On a regional basis, Asia Pacific airlines registered a 7.3% year-on-year decline in cargo demand in March 2023 compared to the same month in 2022, a slight decrease in performance compared with February.

“The drop in demand suggests that air cargo traffic in the region has not yet stabilised following China’s reopening in January,” IATA said.

North American carriers “posted the weakest performance of all regions” with a 9.4% decrease as the transatlantic route between North America and Europe saw traffic “declining at an accelerated pace throughout March”.

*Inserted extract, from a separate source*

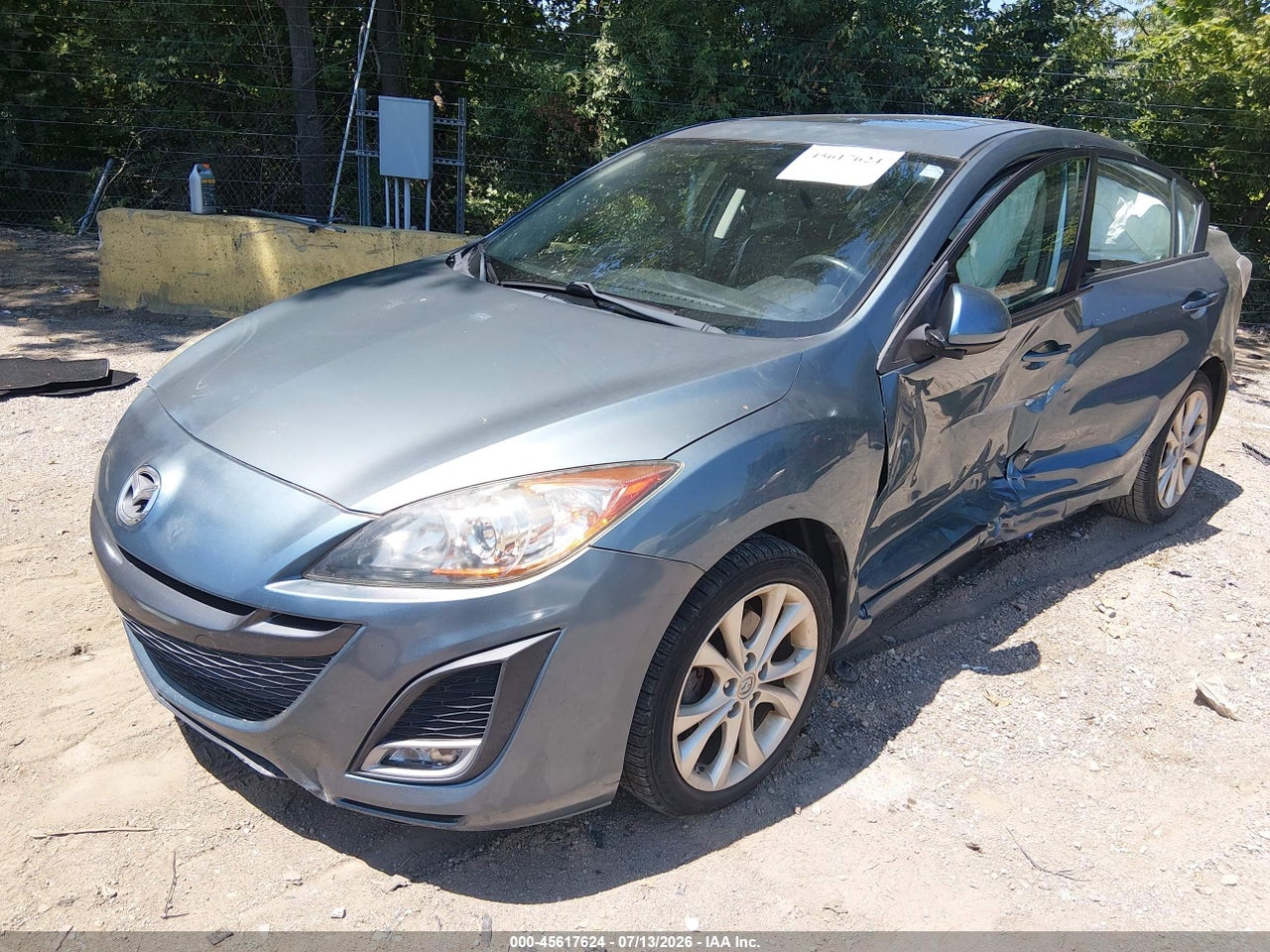 2011 MAZDA MAZDA3 S SPORT · 6/11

Airlines based in Europe recorded the “most substantial improvement in demand” with volumes declining by 7.8% during the month, compared with a 15.9% fall in February.

Middle East-based carriers registered experienced a 5.5% year-on-year decrease as demand on Middle East-Europe routes has been trending upward in recent months.

The best-performing carriers were those from the Latin American region, which registered a 5.3% fall in demand.

Finally, African carriers registered a 6.2% decrease in demand in March, which was an improvement on February.